* **The problem**: Take the lines below beginning at the line that has "Fashion hot brand" and stopping after the line that has "Silver Rainbow Topaz", and print them exactly as they are, with no other lines.

* **Data records**:
%%

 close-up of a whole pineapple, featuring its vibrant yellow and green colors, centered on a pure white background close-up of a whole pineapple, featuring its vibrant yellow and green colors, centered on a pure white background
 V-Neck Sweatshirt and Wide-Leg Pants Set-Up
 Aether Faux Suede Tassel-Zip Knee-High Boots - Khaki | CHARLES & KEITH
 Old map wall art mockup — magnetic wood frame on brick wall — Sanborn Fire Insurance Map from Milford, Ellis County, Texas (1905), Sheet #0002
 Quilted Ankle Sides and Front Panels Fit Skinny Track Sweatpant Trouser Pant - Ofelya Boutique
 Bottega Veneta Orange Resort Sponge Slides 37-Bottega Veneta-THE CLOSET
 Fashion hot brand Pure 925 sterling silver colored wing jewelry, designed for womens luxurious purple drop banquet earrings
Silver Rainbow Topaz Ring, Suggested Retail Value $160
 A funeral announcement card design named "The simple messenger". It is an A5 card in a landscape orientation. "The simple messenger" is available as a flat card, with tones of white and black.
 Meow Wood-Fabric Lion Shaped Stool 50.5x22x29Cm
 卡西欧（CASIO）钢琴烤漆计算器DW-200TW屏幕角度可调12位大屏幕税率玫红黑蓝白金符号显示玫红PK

%%
%%

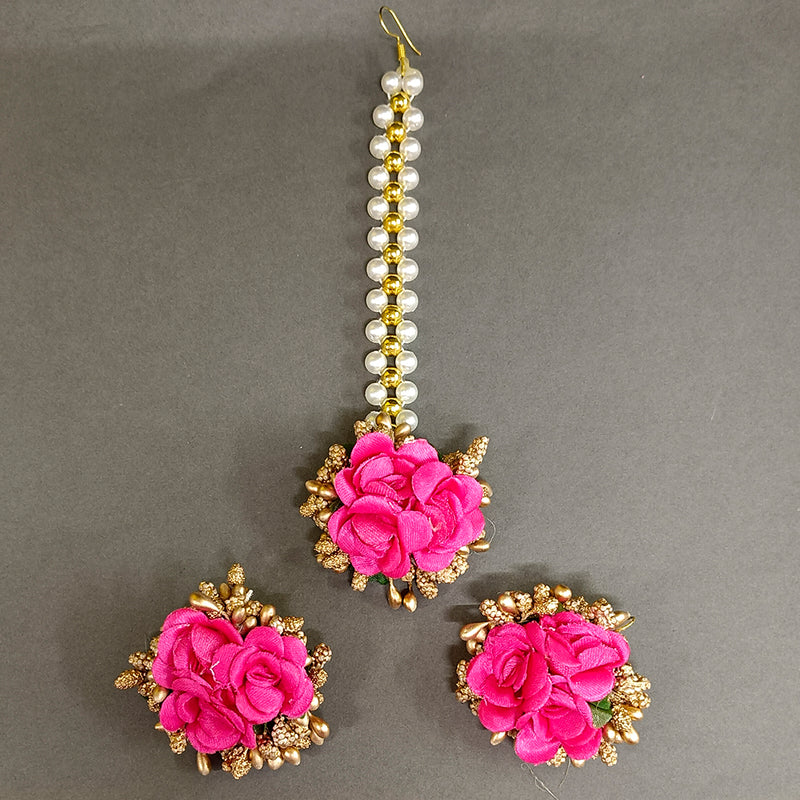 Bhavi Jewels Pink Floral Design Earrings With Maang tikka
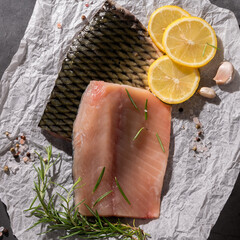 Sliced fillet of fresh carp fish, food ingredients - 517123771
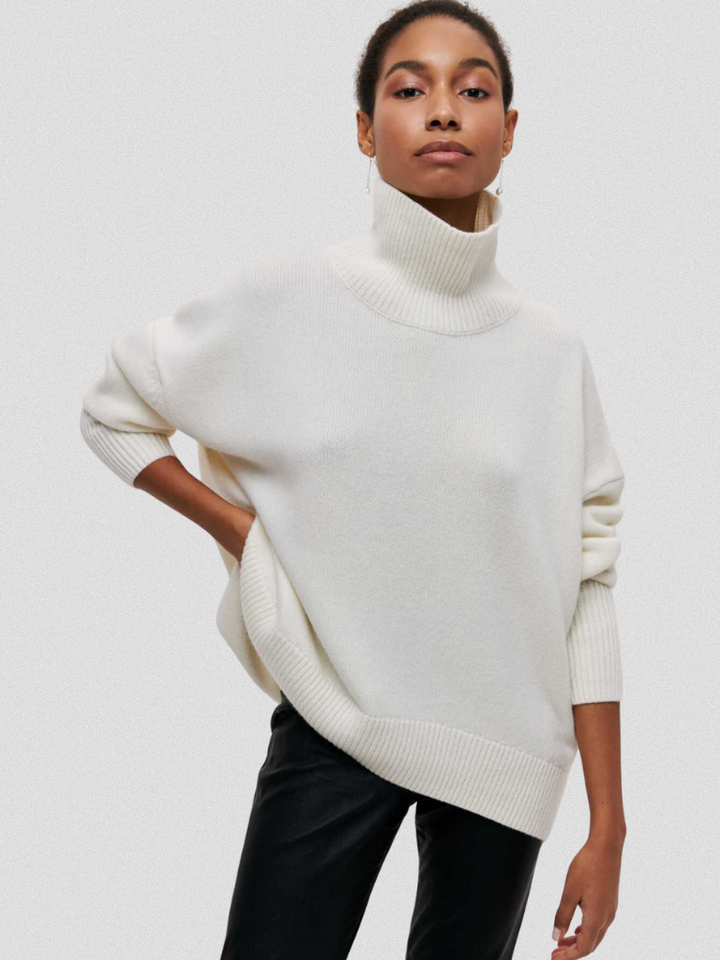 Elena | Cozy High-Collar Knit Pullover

%%
%%

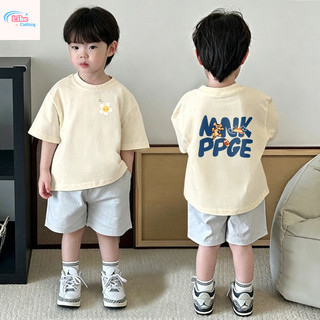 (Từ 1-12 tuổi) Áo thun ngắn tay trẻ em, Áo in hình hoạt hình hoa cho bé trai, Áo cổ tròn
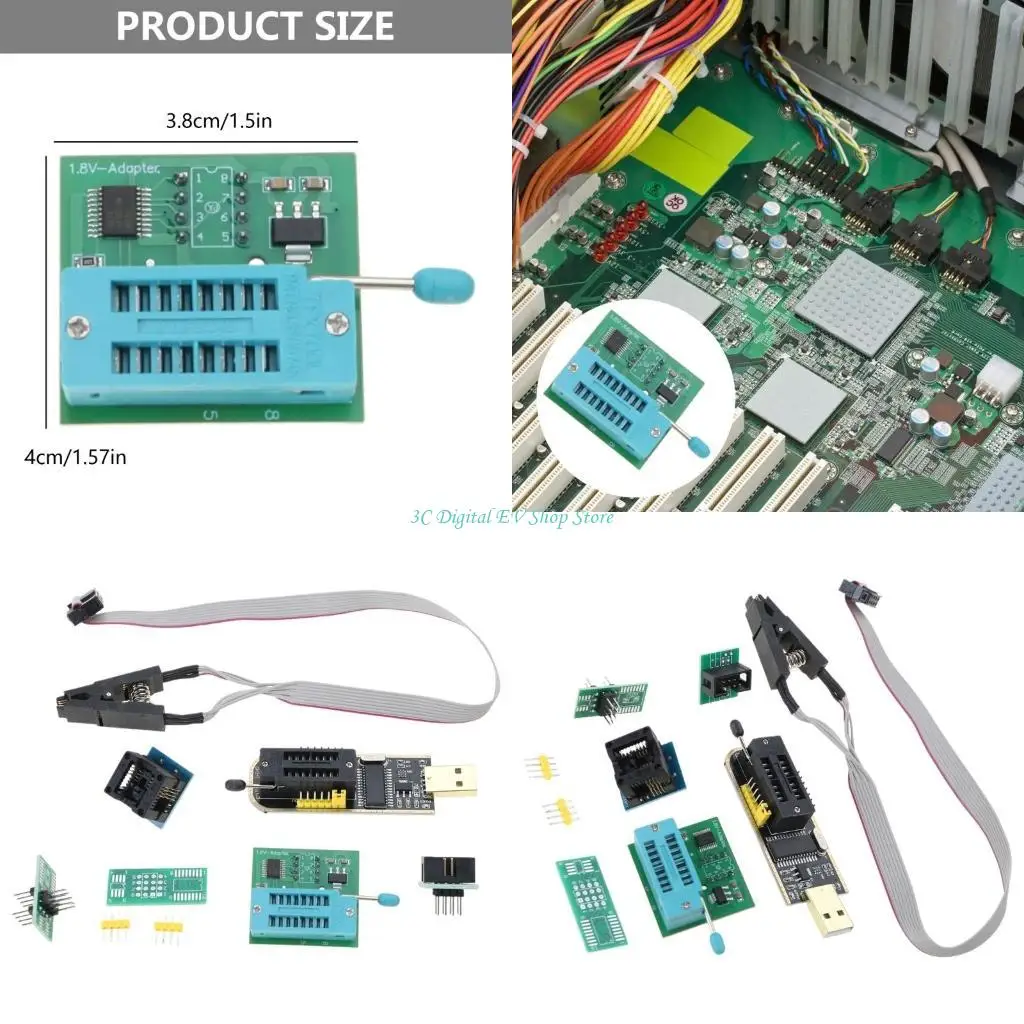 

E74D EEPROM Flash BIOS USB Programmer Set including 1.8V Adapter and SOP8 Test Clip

%%

* **Result**:
 Fashion hot brand Pure 925 sterling silver colored wing jewelry, designed for womens luxurious purple drop banquet earrings
Silver Rainbow Topaz Ring, Suggested Retail Value $160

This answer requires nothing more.